Mas tudo isso foi o resultado do complexo mundo ocidental que nós mesmos
geramos, sobretudo desde que começou a ganhar corpo a assim chamada
modernidade. Precisamos identificar as raízes desta crise humana e propor
caminhos alternativos para superarmos e atravessarmos esse momento obscuro da
história.
Uma das conquistas da modernidade foi o princípio da subjetividade. O sujeito está no centro de tudo. Fora dele não há nenhuma verdade objetiva. Tudo depende do modo de como ele apreende o objeto. Essa nova maneira de conhecer vai de contra o princípio platônico de universalidade, unidade, homogeneidade, enfim aquele eidos (a coisa em si) exterior, ou seja, que estabelece o critério exato de verdade cai completamente por terra. Resta apenas o sujeito pensante que insiste em apreender a verdade a partir de modos diversos, seja codificando a natureza através de fórmulas matemáticas, seja criando os assim chamados paradigmas que podem ser derrubados por outros à medida que se vai descobrindo critérios de validade aceitos por determinada comunidade científica. É como se tudo dependesse de um acordo de certos grupos. Por isso, a verdade é algo convencional, não mais norma geral.
Há, contudo, um
caminho alternativo para não nos sufocarmos pelo niilismo que nos rouba os
valores essenciais de uma vida com sentido. Por isso, creio que o cristianismo
ainda pode ser útil para o homem de hoje, pois nele encontramos uma proposta de
sentido a partir de Jesus de Nazaré. Essa proposta não é nem conservadora nem
progressista, mas radical.
A proposta radical
de Jesus leva em conta a subjetividade, mas não em sua versão extrema, onde
Deus vem tirado do horizonte de vida. Trata-se de uma subjetividade teônoma.

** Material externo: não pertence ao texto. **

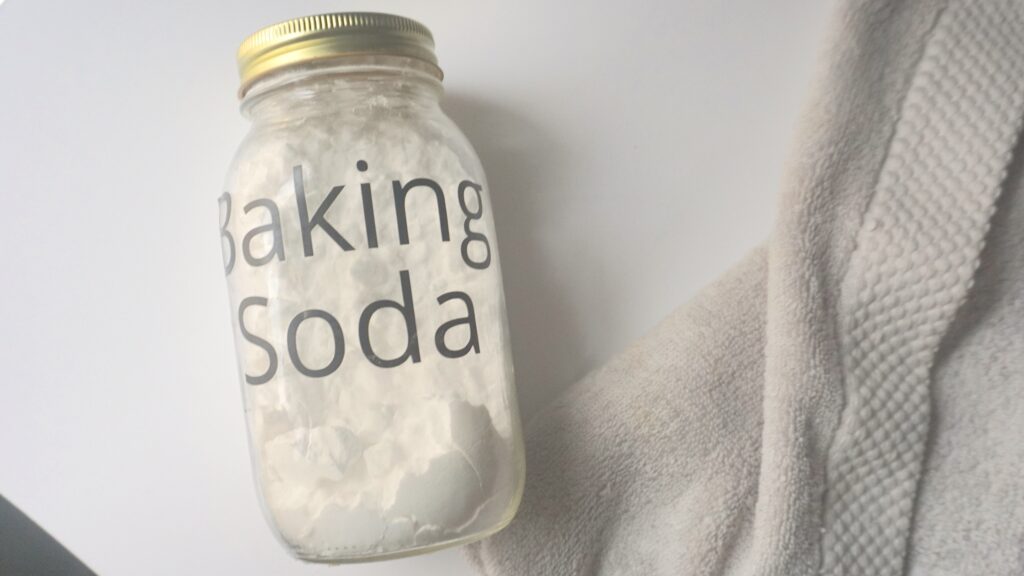 overhead image of a jar of baking soda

Parte-se de uma convocação a uma verdade não platônica, mas relacional (“vinde
e vede”), na qual cada pessoa é provocada a ser ela mesma a partir de um
desabrochar de dons que são postos a serviço de uma causa maior: os mais
frágeis. A subjetividade moderna é individualista, pois o sujeito enxerga
unicamente a si mesmo e a suas próprias necessidades, por isso aqueles que
economicamente podem mais massacram os que nada ou pouco têm. Já a
subjetividade que Jesus insiste põe no centro não as necessidades particulares
do sujeito, mas a partilha que considera a totalidade da vida. O Papa Paulo VI
resumia isso no seguinte princípio: “o homem todo e todo homem”, isto é, o ser
humano como um todo, não exclusivamente a dimensão consumista que devora vidas
ao preço de um sistema de economia que prega a ideia equivocada de progresso.
O cristianismo
como um projeto de sentido considera ainda um ser e um fazer específicos. A dimensão
do ser reside no valor do tempo. Enquanto a nossa sociedade ocidental gasta o
tempo para ocupar espaços, devorando os bens da natureza, esquecendo-se do
princípio do cuidado, o cristianismo apela a algo maior que consiste em viver o
tempo como ocasião de experiência que nutre relações com uma
transcendentalidade e com rostos concretos. Além do mais, o tempo para nossa
cultura hodierna é investido para gerar sujeitos de desempenho que de tanto se
imporem exigências acabam por infartar psiquicamente. Mas o tempo no
cristianismo é cuidar do outro e este deve ser seu único fazer. O apelo do
tempo reside naquilo recordado pelo filósofo Byung-Chul Han: “Há, porém, também
um outro tempo, a saber, o tempo do outro, um tempo que eu dou ao outro. O
tempo do outro como dádiva não se deixa acelerar. Ele também se furta ao
trabalho e ao desempenho, que sempre exige o meu tempo. [...] Apenas o tempo do
outro liberta o eu narcisista da depressão e da exaustão.” (HAN, Favor fechar
os olhos, p. 41-42).
A proposta de sentido do
cristianismo, portanto, consiste num olhar profundo sobre nós mesmos para
curarmos nossa subjetividade dos exageros e colocá-la naquele movimento em
direção ao cuidado do outro. Não vivemos para nós mesmos, nossa vida alcança
seu ápice quando descobrimos a dádiva do outro!